Existence of stationary solutions of supercritical nonlinear Schr{ö}dinger equations on some metric graphs
Nabile Boussaïd, Jack Borthwick
TL;DR
We study stationary solutions to the supercritical nonlinear Schrödinger equation on noncompact metric graphs under Kirchhoff conditions, with mass constraint and p>6. The authors develop a mountain-pass variational framework using an auxiliary family $E_{\rho}$ and leverage a recent abstract theory for bounded Palais–Smale sequences to overcome noncompactness, obtaining positive constrained critical points for almost every $\rho\in[\tfrac{1}{2},1]$ and any mass $\mu>0$. The work clarifies spectral assumptions and a no-zero-positive-state condition to guarantee convergence to a positive limit, delivering an existence result that extends prior compact-graph and finite-edge results to more general noncompact graphs with distributed nonlinearity.

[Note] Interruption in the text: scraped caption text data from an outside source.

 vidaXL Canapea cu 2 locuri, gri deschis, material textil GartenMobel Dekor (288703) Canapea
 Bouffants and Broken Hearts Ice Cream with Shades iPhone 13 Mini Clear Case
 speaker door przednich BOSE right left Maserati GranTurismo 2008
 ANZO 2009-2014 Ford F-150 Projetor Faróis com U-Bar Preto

This contributes to the understanding of nonlinear waves on quantum graphs, with implications for wave propagation on network-like structures in physics and engineering.
Abstract
We consider the existence of stationary wave solutions with prescribed mass to a supercritical nonlinear Schr{ö}dinger equation on a noncompact connected metric graph without a small mass assumption.